ACTIVITY:
Since pictures are not wanted, repeat only the text of the records, word for word.

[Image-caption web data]
* * * * *
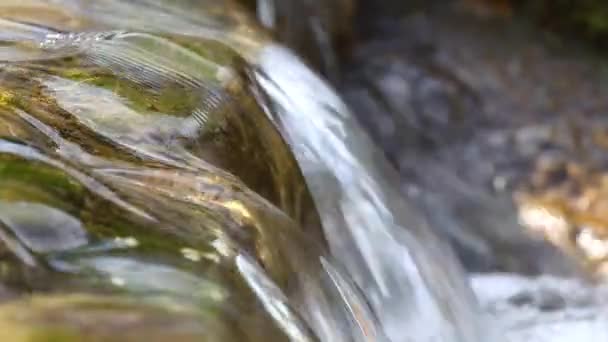 Kleiner Wasserfall Und Klares Wasser — Stockvideo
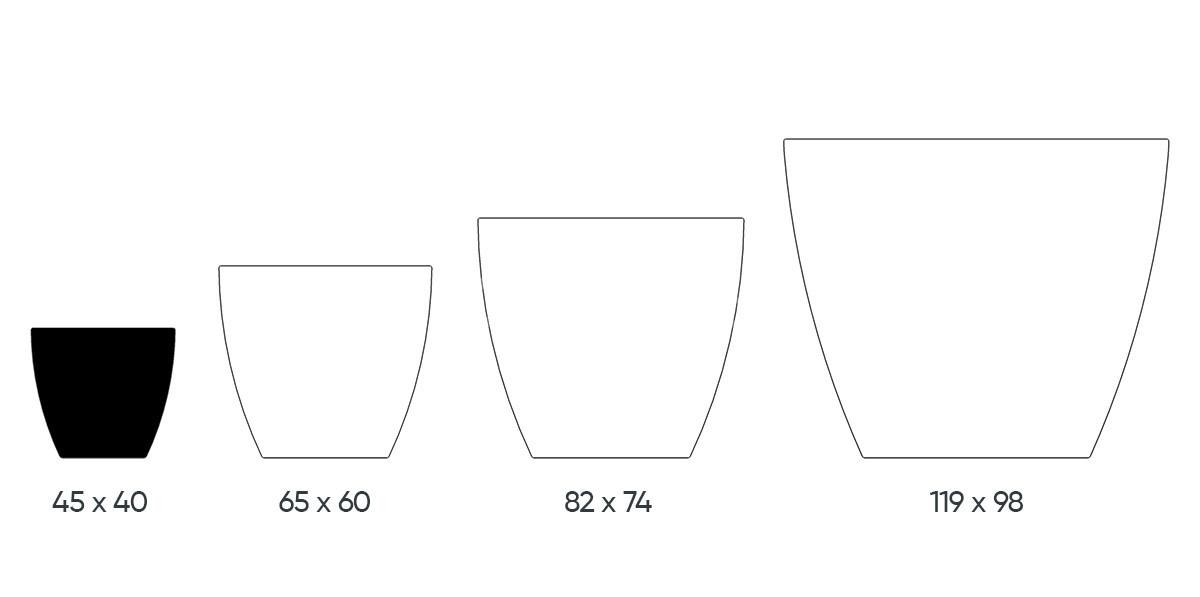 2864-TULIP_skala_S_1_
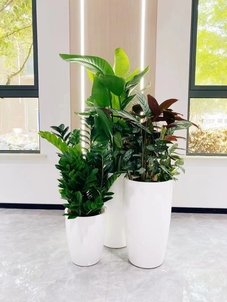 “北仑花卉租赁价格验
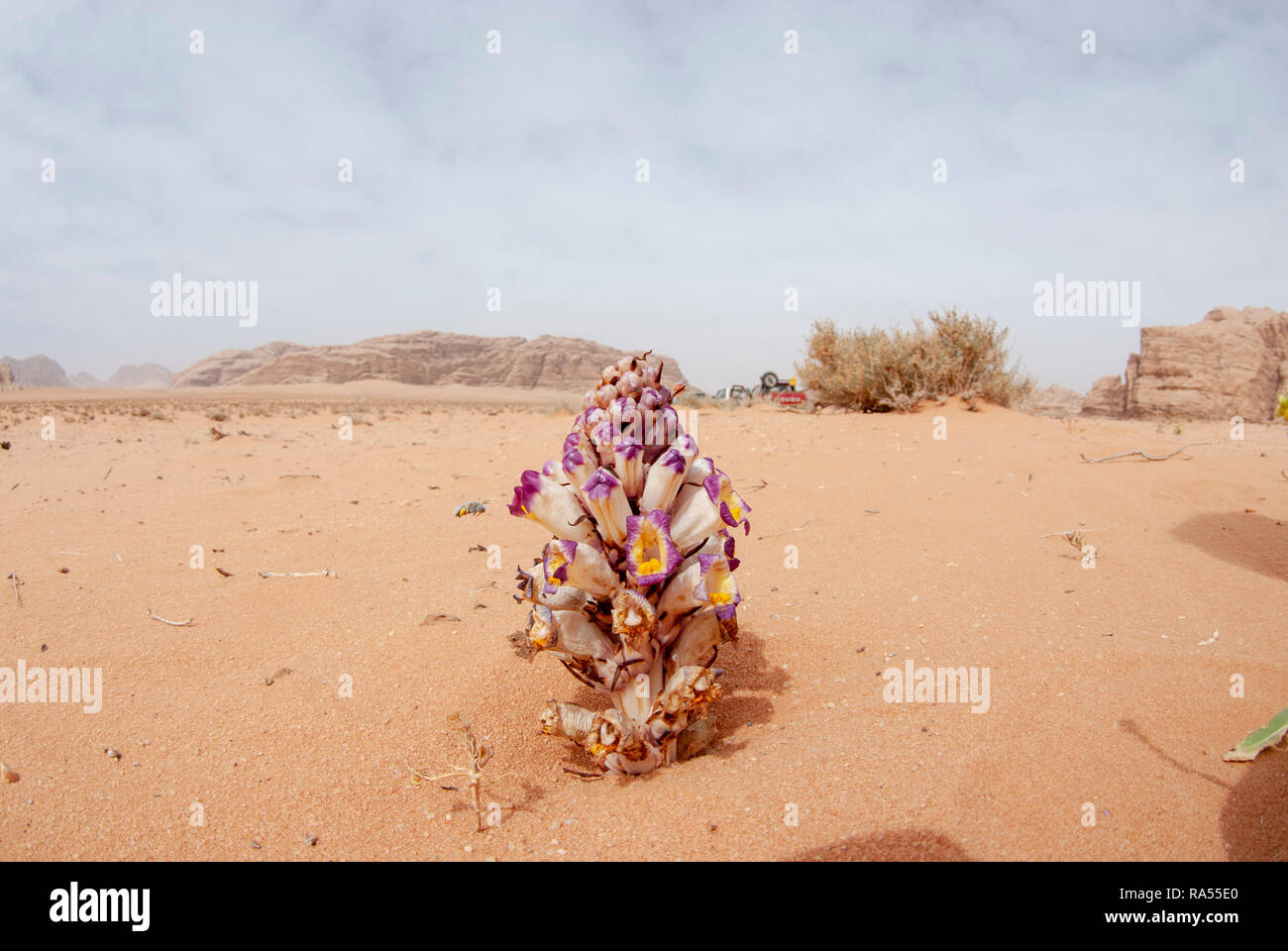 Violet Cistanche (Cistanche salsa) Also Violet Broomrape flowering in the desert. This plant is a parasitic member of the broomrape family. Photograph Stock Photo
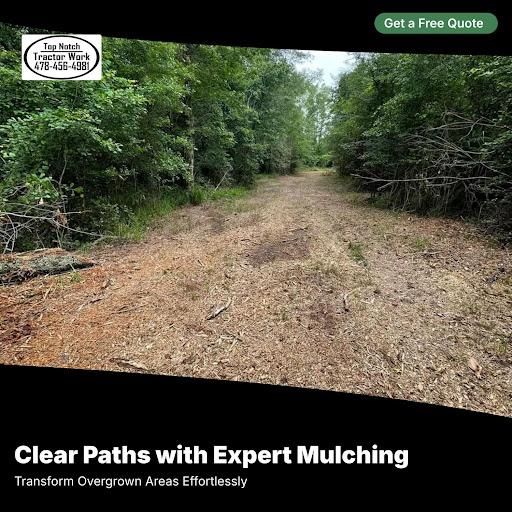 Land Clearing & Forestry Mulching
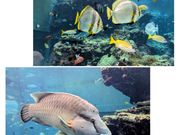 1/1 美ら海水族館
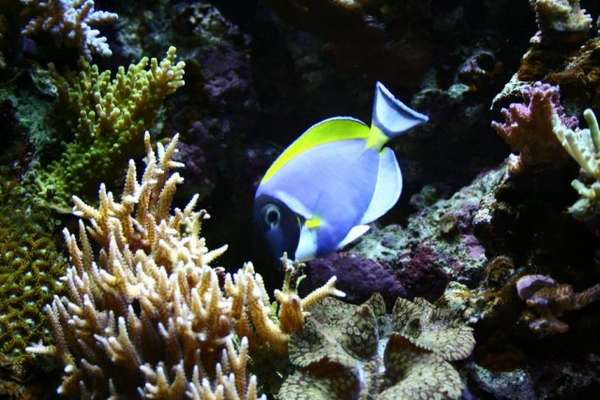 Powder Blue Tang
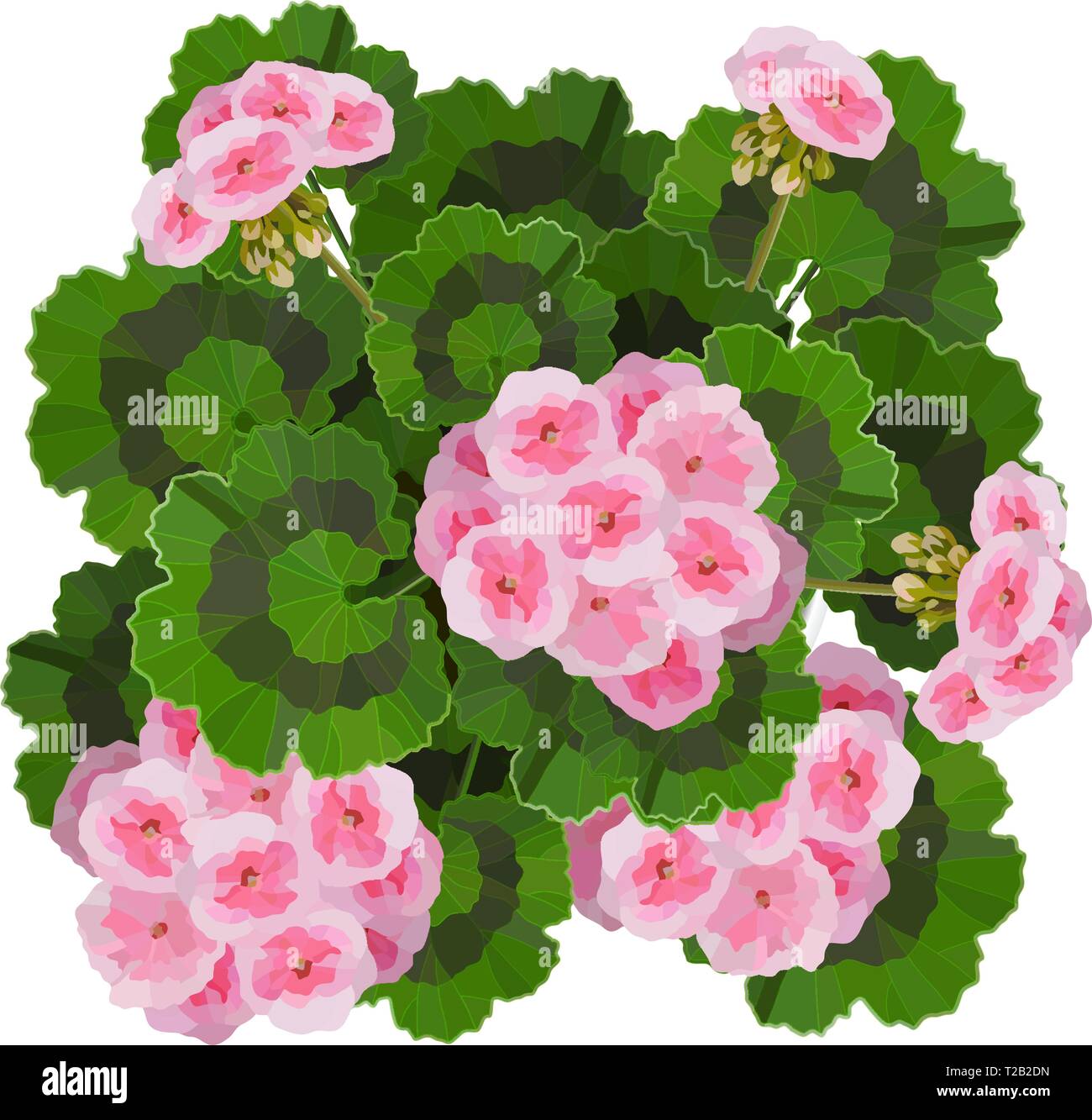 Pelargonium rosa flores ilustración vectorial. Jardín o decoración interior Ilustración del Vector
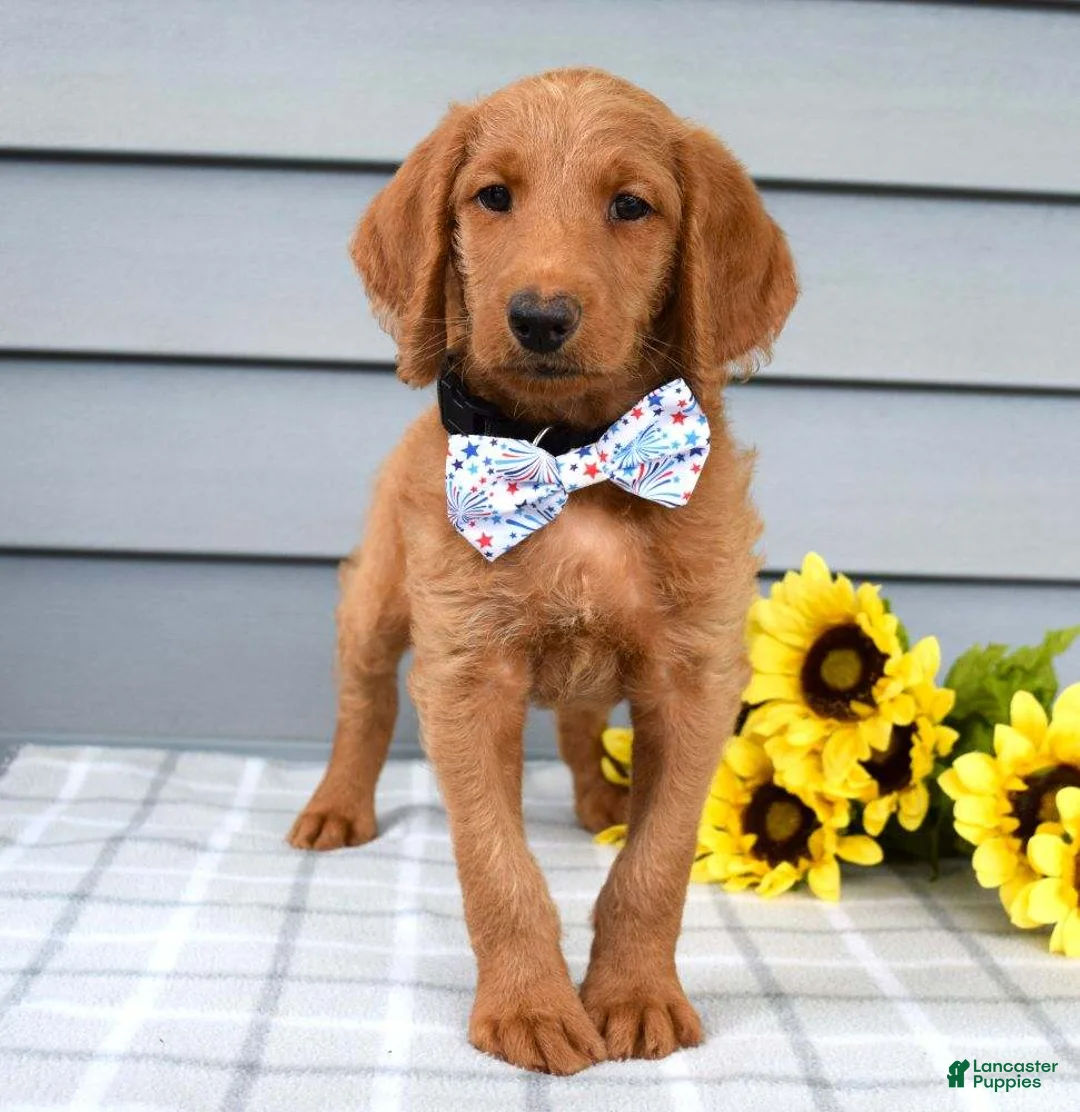 Labradoodle dogs for sale: Cooper  - Ad 1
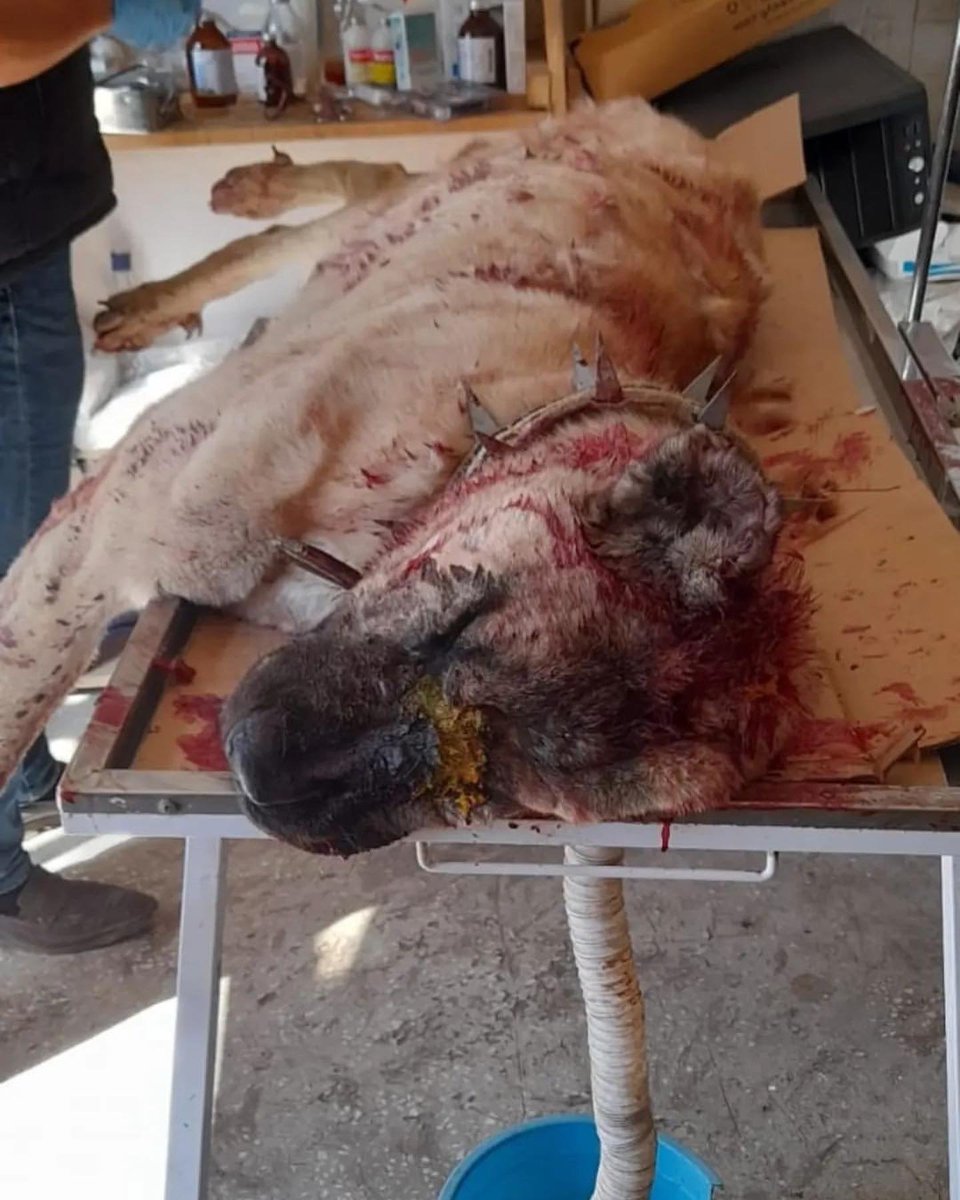 nihalerkoc06's tweet photo. Çorum'da köpekleri SATIRLA KESEN CANİLERE yatarı olan HAPİS CEZASI VERİLMESİNİ İSTİYORUZ!
Çorum İskilip
@CorumValiligi @ValiMustafaCftc @iskilipkaymakam @tcbestepe @RTErdogan @iletisim
@suleymansoylu @bybekirbozdag @murat_kurum @adalet_bakanlik @corum_dkmp @CorumEmniyet @jandarma https://t.co/dyHyrB3cL3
* * * * *
SOLUTION TO THIS TASK:
 Kleiner Wasserfall Und Klares Wasser — Stockvideo
 2864-TULIP_skala_S_1_
 “北仑花卉租赁价格验
 Violet Cistanche (Cistanche salsa) Also Violet Broomrape flowering in the desert. This plant is a parasitic member of the broomrape family. Photograph Stock Photo
 Land Clearing & Forestry Mulching
 1/1 美ら海水族館
 Powder Blue Tang
 Pelargonium rosa flores ilustración vectorial. Jardín o decoración interior Ilustración del Vector
 Labradoodle dogs for sale: Cooper  - Ad 1
 nihalerkoc06's tweet photo. Çorum'da köpekleri SATIRLA KESEN CANİLERE yatarı olan HAPİS CEZASI VERİLMESİNİ İSTİYORUZ!
Çorum İskilip
@CorumValiligi @ValiMustafaCftc @iskilipkaymakam @tcbestepe @RTErdogan @iletisim
@suleymansoylu @bybekirbozdag @murat_kurum @adalet_bakanlik @corum_dkmp @CorumEmniyet @jandarma https://t.co/dyHyrB3cL3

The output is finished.